Guy: *incredulous stare*
J: *blank stare*
Me: HERE ARE YOUR KEYS.

Awkward.

Twenty minutes later:

J: Oh, they were gay!

Sigh.

[identity profile] badwolf56.livejournal.com 2010-08-17 06:11 pm (UTC)(link)
I can see asking the first question maybe, JUST to be sure. After that he needs a facepunch.

Your identifying him as "the owner's son" made me predisposed to dislike him, and I was not disappointed.

"Wait, there are teh gays? HERE? OMGWUT"

[identity profile] http://users.livejournal.com/_lullabelle_/ 2010-08-17 06:38 pm (UTC)(link)
OH MY GOD, HIS DAD PAYS FOR HIS APARTMENT IN BOSTON. $3,000 A MONTH.

And even the first question, there are better ways to ask... usually I just say, "And I've got you in a room with one king bed for two nights?" and let them correct me if I'm wrong, without any creepy inference on my part or need for explaination on theirs. Sensitivity: we (try to) has it.

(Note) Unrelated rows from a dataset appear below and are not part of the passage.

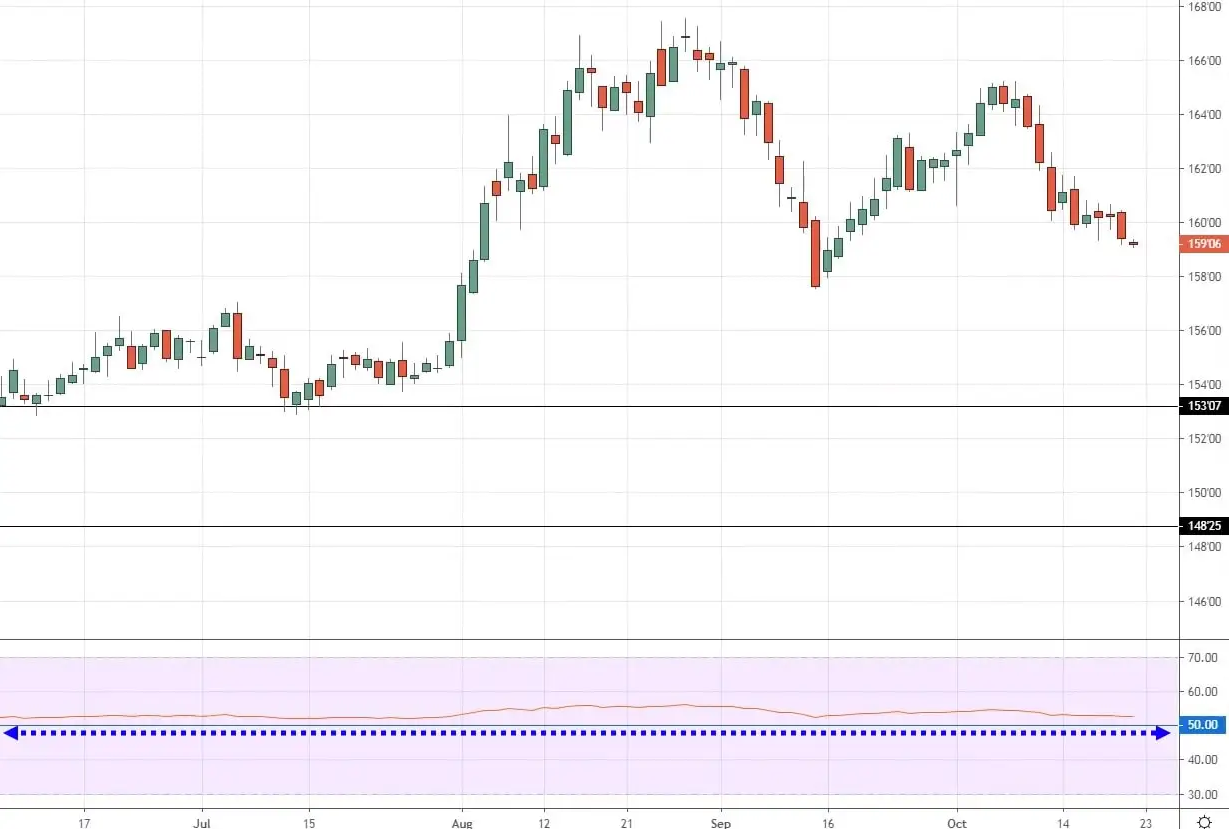 这个周末小心“热到崩溃”！广东最新高温健康风险预警来了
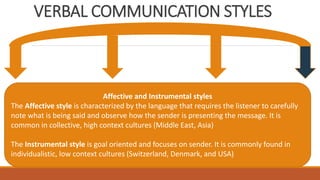 Cross cultural business management | PPTX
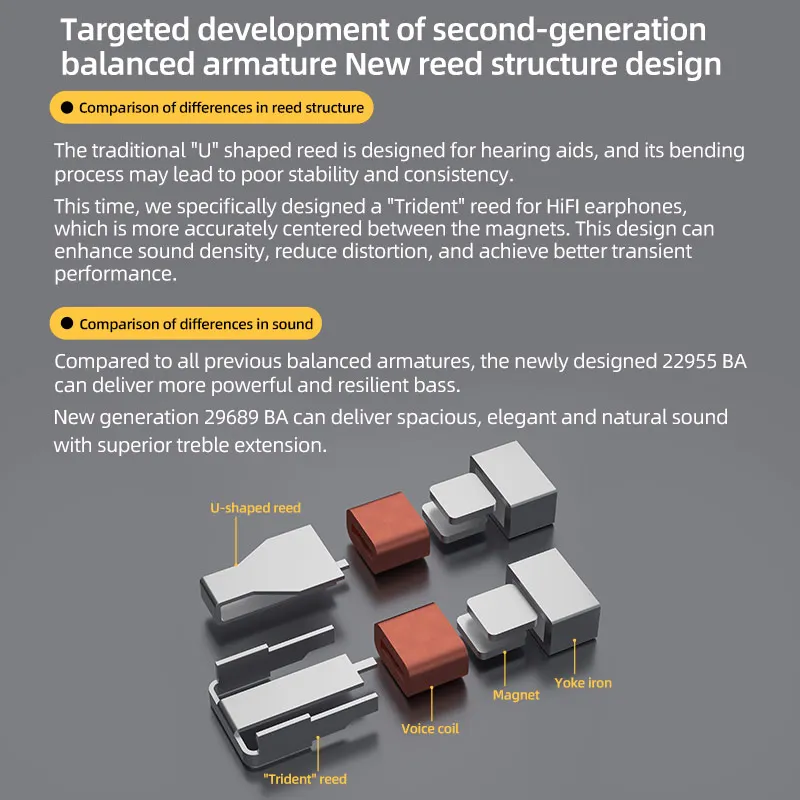 Thumbnail 4 - #23 Top Studio Headphones Picks for Every Budget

[identity profile] badwolf56.livejournal.com 2010-08-17 08:22 pm (UTC)(link)
Yes, definitely. It's like when I used to work in a restaurant. With very overweight people, I had a coworker who would say "You want a table, right?" Errrrrr.... awkward. Better ways to do these things.

Also I TOTALLY CANNOT STAND THIS KID.